Reviewed by Jenni Murray
I'm not a fan of fantasy or science fiction. Doris Lessing at her most doom laden is, I find, merely depressing. I would have to be dragged screaming to read, let alone watch, The Lord of the Rings - I tried in the sixties and failed to get past the first chapter. I never could stand the silly, made up names and places. The only time I've ever stayed with a futuristic novel and been terrified by its prescience was Atwood's The Handmaid's Tale. The moment when Offred puts her credit card into the hole in the wall at the bank and is rejected, only to find all women's accounts have been frozen overnight, was so horrific some said it couldn't happen. Then we heard about the Taliban and Afghanistan. In Oryx and Crake she issues another profoundly important warning.

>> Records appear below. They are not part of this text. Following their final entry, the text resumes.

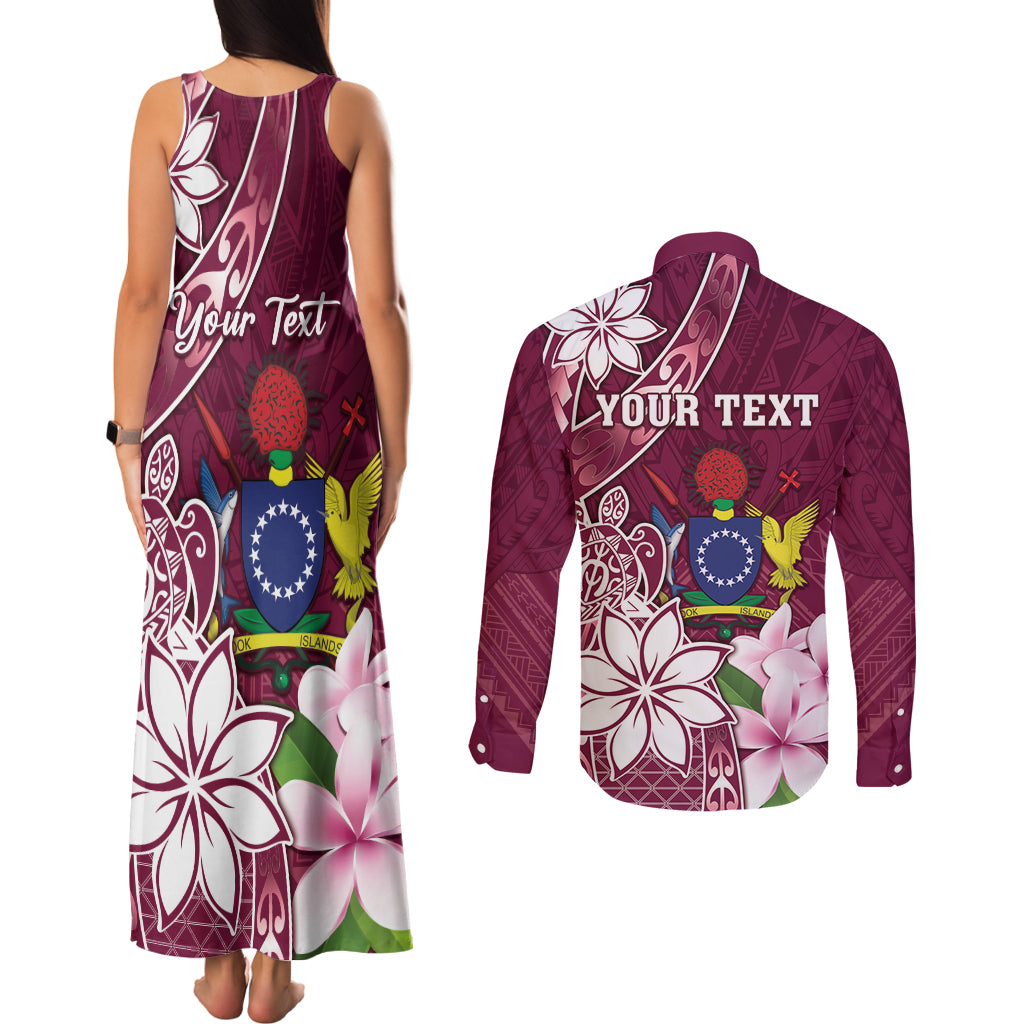 Personalised Cook Island Mangaia Gospel Day Couples Matching Tank Maxi Dress and Long Sleeve Button Shirt Floral Tribal Pattern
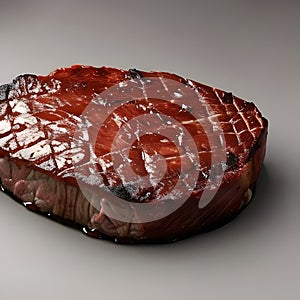 A Cut of Juicy Grilled Steak on a Grey Background Generative AI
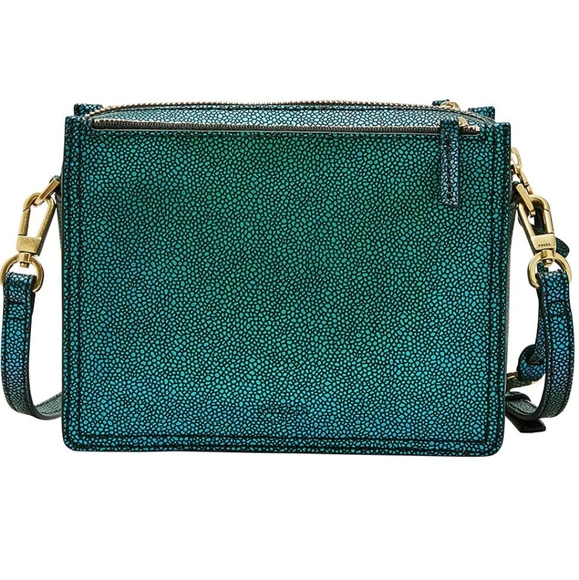 Fossil Campbell Leather Metal Green Messenger Bag - Picture 1 of 5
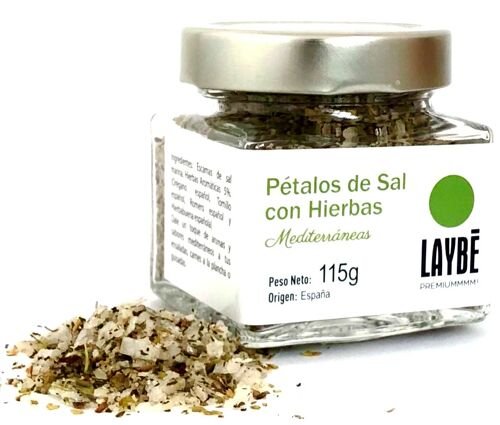 Tarro cristal Pétalos de Sal con Hierbas Meditrerráneas 115g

Snowman is the central character of the novel, surviving, just, in a world where the science we dabble in now has truly gone mad. It's a world populated by bugs which bite, woolvogs and pigoons which present a constant threat to Snowman's continued survival and that of the Crakers, the ultimate designer babies. As we follow Snowman through his desolate present, foraging for food and fighting off the predators, he takes us back to his earlier life as Jimmy whose best friend is Crake.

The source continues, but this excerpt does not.